Tink, in a genial mood this evening, grinned, put her hands on her hips and kicked a tiny bare foot up into the air, sending forth a shimmering shower of fairy dust that made Wendy sneeze.

The boys laughed as Tink trilled a "farewell" to them and flitted off to her own quarters.

"Quiet!" Peter shouted. "I shall tuck Mother in. Wish her a good night, boys."

"GOODNIGHT, MOTHER!" they yelled as one, in a voice Wendy was always sure would lead Captain Hook straight to them.

"Good night, boys," Wendy said, and as they passed her storytelling throne in a line, addressed them each by name in a ritual they loved, since it made them feel singled out and important.

"Sweet dreams, Nibs. I shall miss you until the morning, Tootles…do not kick your brothers tonight, twins."

"Goodnight, Wendy." John tipped an imaginary hat to her and scuffed off to his soft pallet, yawning and rubbing at the sleeves of his nightshirt.

"Goodnight, Wendy." Not too big yet for evening cuddles – especially since she was the only source of them - Michael came forward and squeezed her around the waist. Wendy smiled and hugged him warmly, rubbing his back and smoothing his hair, out of which she had brushed brambles and sticky pine needles that very afternoon.

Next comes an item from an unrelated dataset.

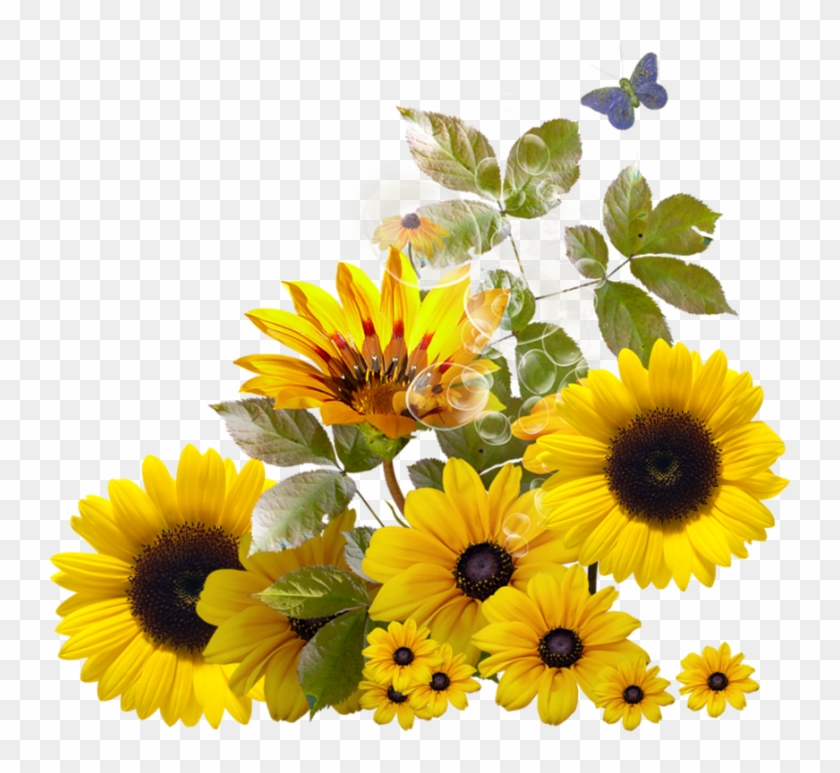 Sunflower Corner Border Clipart Download - Sunflower - Free Transparent ...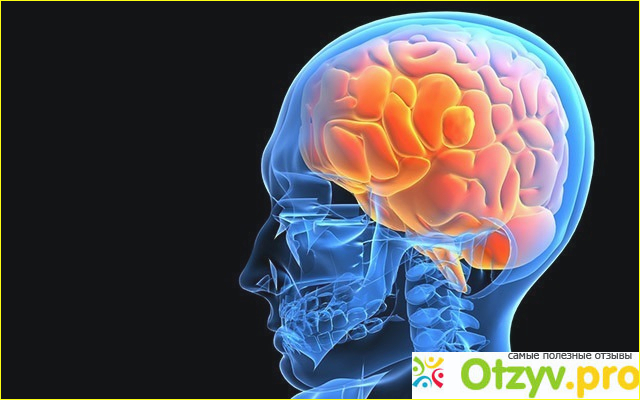 СОТРЯСЕНИЕ ГОЛОВНОГО МОЗГА ЛЕЧЕНИЕ отзывы врачей отрицательные и ...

The boys took a while to calm down, each calling "good night" to every single one of their brothers. This always took some time, but Peter and Wendy allowed them to do it since they never failed to fall asleep soon after. Though they would never admit it, their small bodies were exhausted from long days of fighting, gathering food, gorging on said cuisine, hearing exciting tales and chasing animals as well as each other.

He tipped her curtain back and gallantly bowed her into her chamber.

"It is your turn for bed, Mother."

Wendy smiled, eager to begin their ritual.